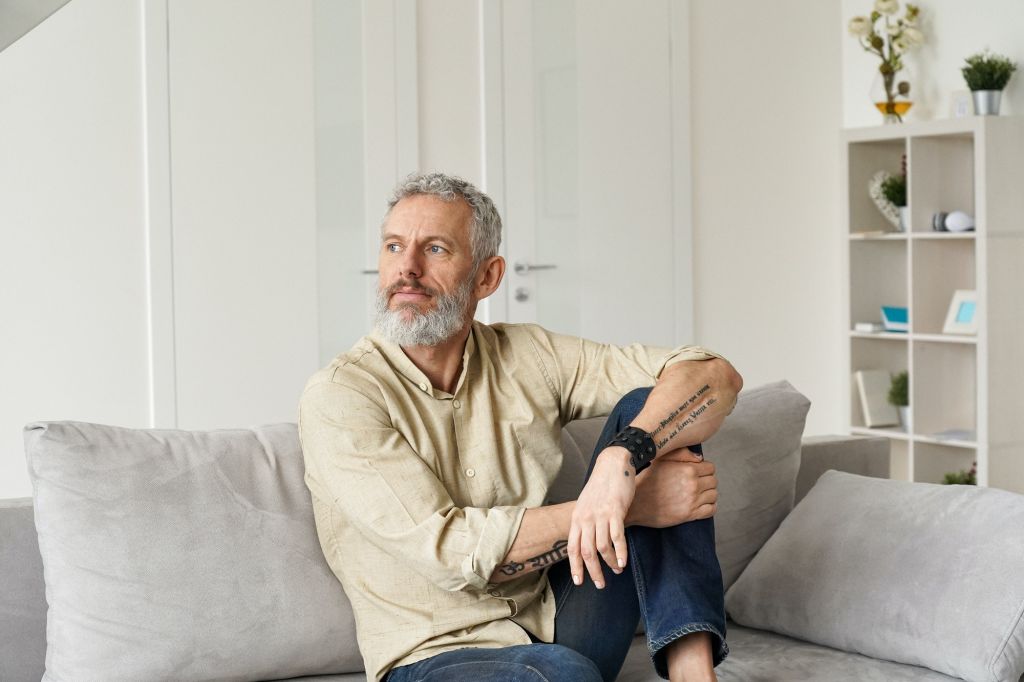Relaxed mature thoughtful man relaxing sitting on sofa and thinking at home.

* * *

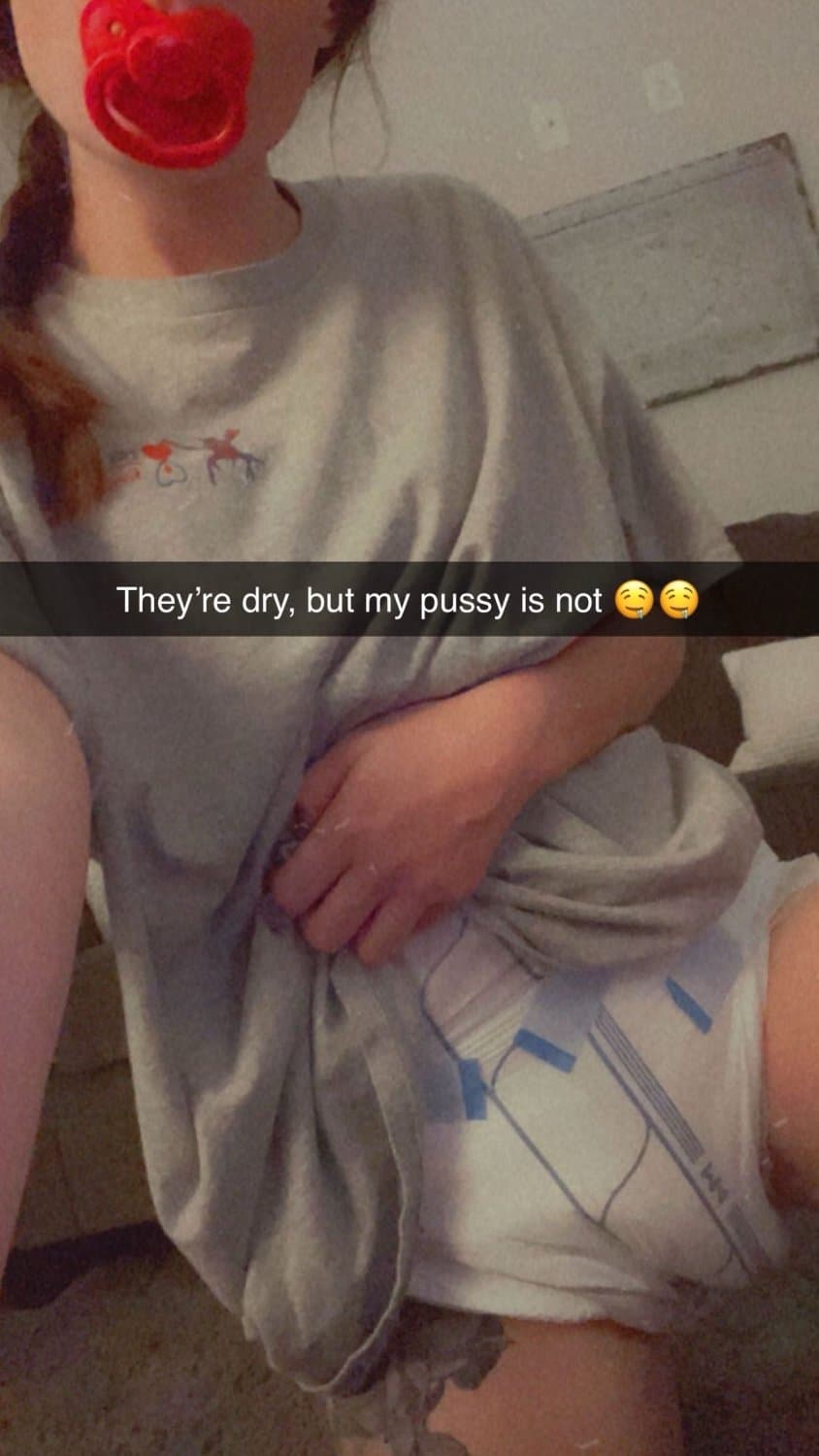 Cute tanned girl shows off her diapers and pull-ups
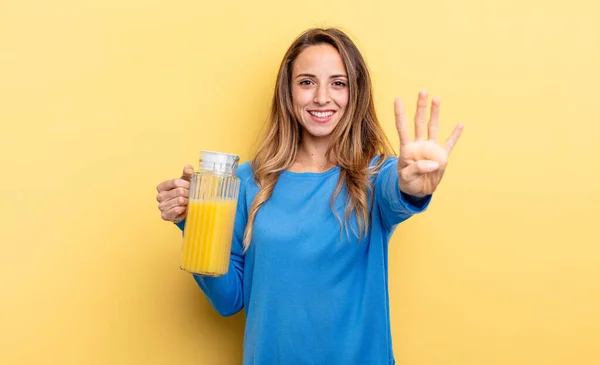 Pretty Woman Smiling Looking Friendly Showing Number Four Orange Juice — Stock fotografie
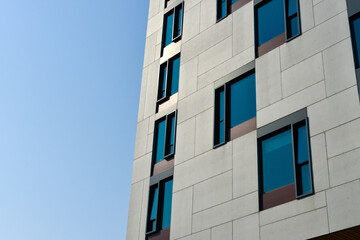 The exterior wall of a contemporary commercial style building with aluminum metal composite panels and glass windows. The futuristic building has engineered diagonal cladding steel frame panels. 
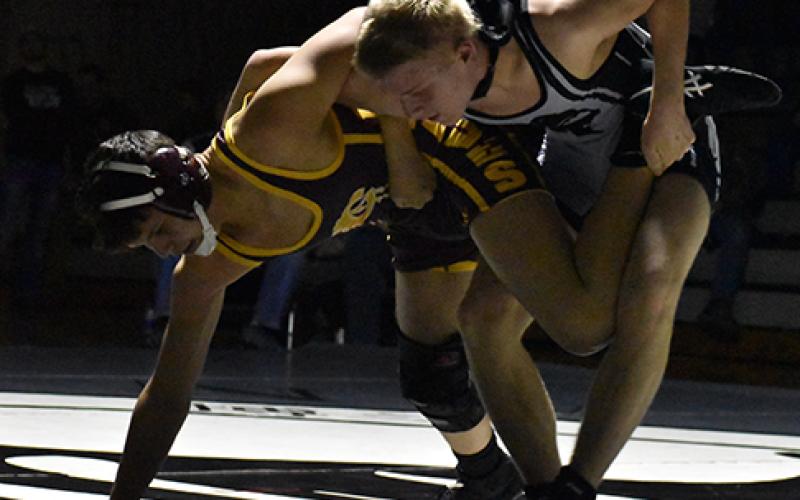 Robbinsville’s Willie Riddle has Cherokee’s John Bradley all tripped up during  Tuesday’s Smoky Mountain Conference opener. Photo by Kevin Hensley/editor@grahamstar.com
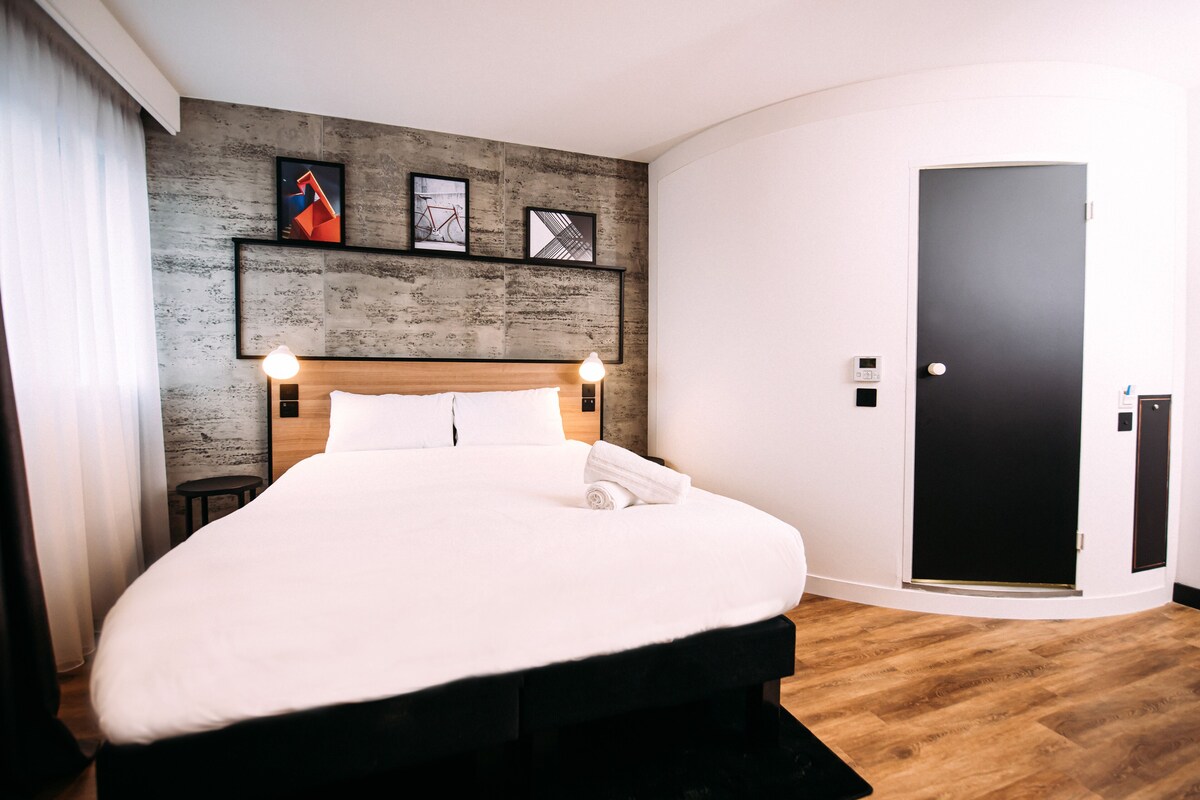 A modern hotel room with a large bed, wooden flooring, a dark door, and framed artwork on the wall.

--

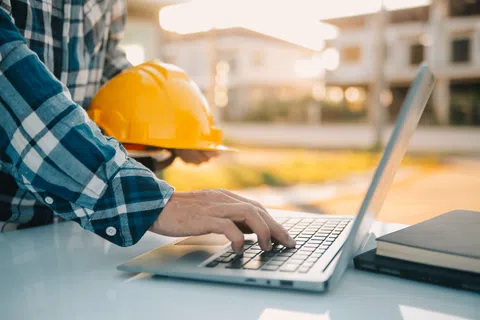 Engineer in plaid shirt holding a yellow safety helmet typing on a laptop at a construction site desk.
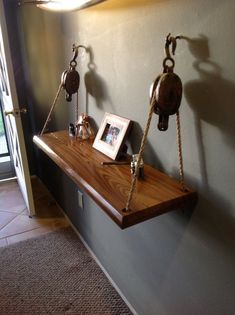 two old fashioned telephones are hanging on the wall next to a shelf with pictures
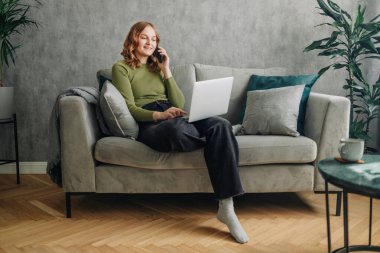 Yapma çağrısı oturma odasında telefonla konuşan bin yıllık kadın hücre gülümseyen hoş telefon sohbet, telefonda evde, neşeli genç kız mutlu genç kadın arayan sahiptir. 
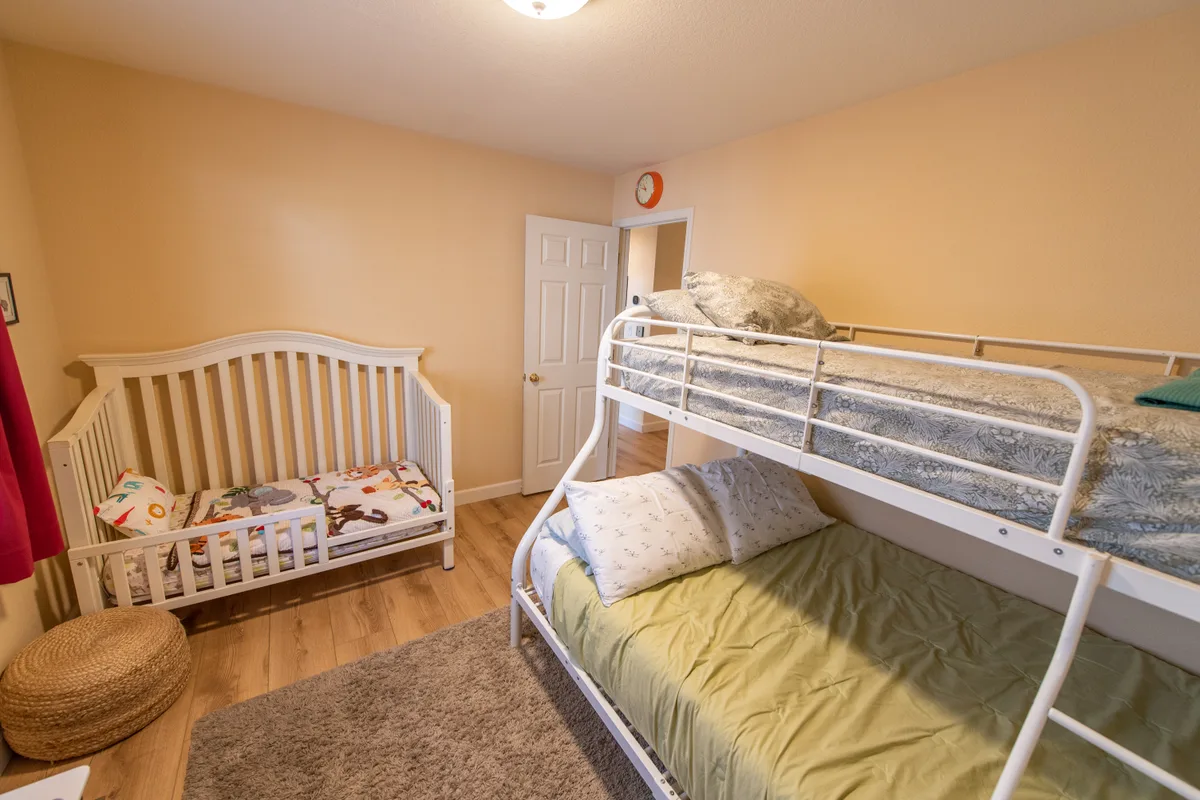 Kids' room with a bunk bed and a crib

WHAT YOU WILL DO: Return word for word the lines of the listing above, starting at the line with "Robbinsville’s Willie Riddle" and ending at the line with "A modern hotel", both included. Pictures do not belong in the copy.

TASK ANSWER:
 Robbinsville’s Willie Riddle has Cherokee’s John Bradley all tripped up during  Tuesday’s Smoky Mountain Conference opener. Photo by Kevin Hensley/editor@grahamstar.com
 A modern hotel room with a large bed, wooden flooring, a dark door, and framed artwork on the wall.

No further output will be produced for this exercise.